Nestle‘s plan to shore up its capital structure, announced only days after being thrust into the spotlight by activist shareholder Third Point, was received by investors as a precursor to bigger changes under the company’s new leadership.
Shares in the world’s largest foodmaker rose as much as 2 percent on Wednesday, close to the record high touched on Monday after the New York-based hedge fund disclosed a $3.5 billion stake and urged Nestle to buy back shares, set a target for margin growth and shed non-core assets including its stake in L’Oreal.
Investors did not have to wait long for a response, with Nestle announcing late on Tuesday that it would launch a 20 billion Swiss franc ($20.8 billion) share buyback programme while leaving room for near-term acquisitions.

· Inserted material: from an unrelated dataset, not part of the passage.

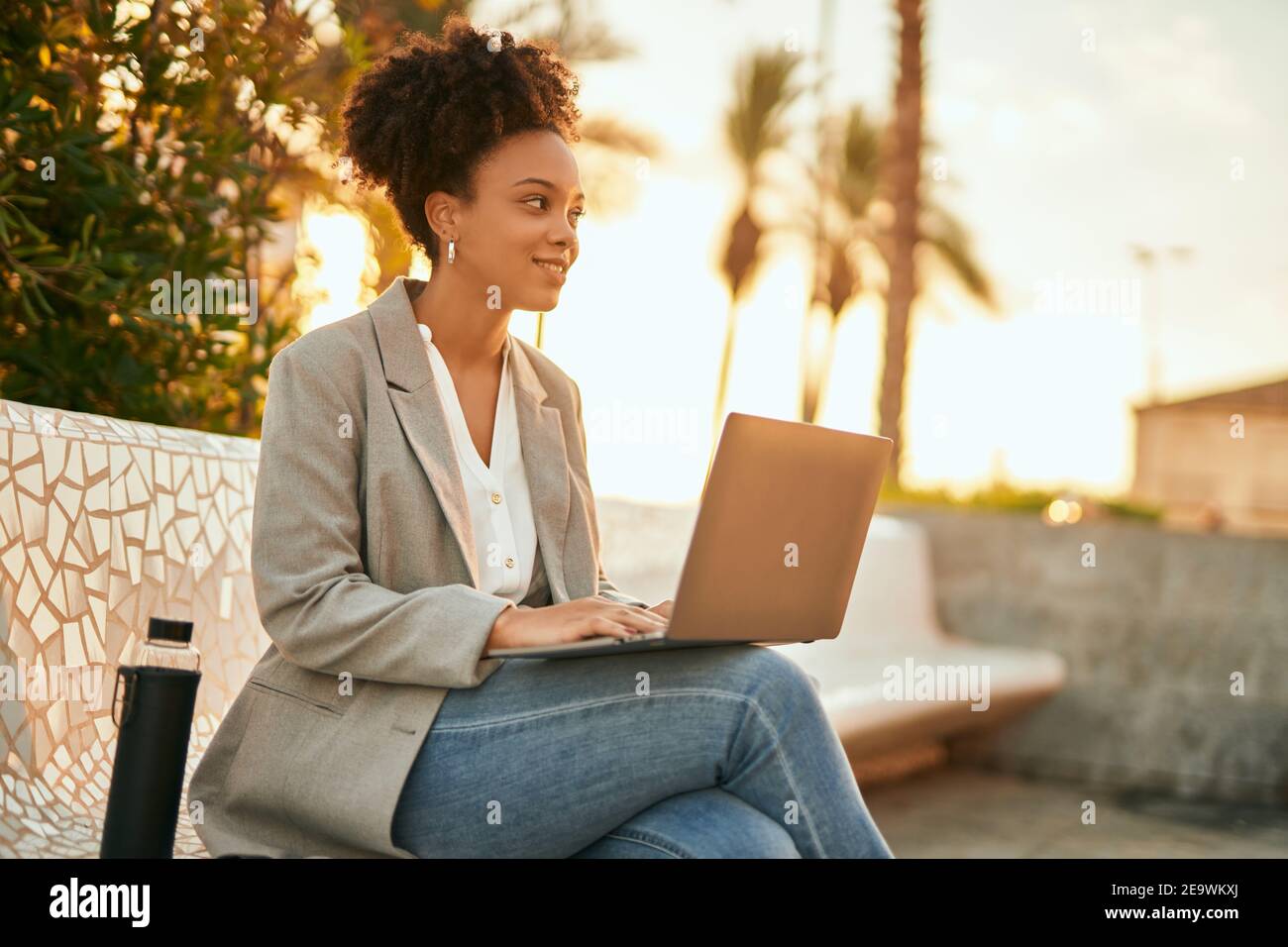 Young african american businesswoman working using laptop sitting on ...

Nestle also said it would continue adjusting its portfolio and assess opportunities to boost profit margins, stopping short of setting a firm target. It added that the measures were the result of a review instigated at the start of the year after Mark Schneider took over as chief executive.
The moves were welcomed by stakeholders large and small.
“This is a new era for Nestle and I’m extremely positive on the prospects for internal and external growth,” said Carine Menache, who runs a Monaco investment firm that owns Nestle shares. She and UBS analysts said the buyback should lift earnings by 6 percent, while increased merger and acquisition (M&A) activity could provide a further boost.
“Nestle may have a poor track record for M&A, but the new CEO, Schneider, is now in charge and he has a great track record,” she added.
Reaching a 19 percent operating margin, the midpoint of Third Point’s recommendation, would lift earnings by another 8 percent, according to UBS, which said Nestle shares now offered the greatest opportunity for growth of all the European packaged goods companies it covers, bolstering its “buy” rating.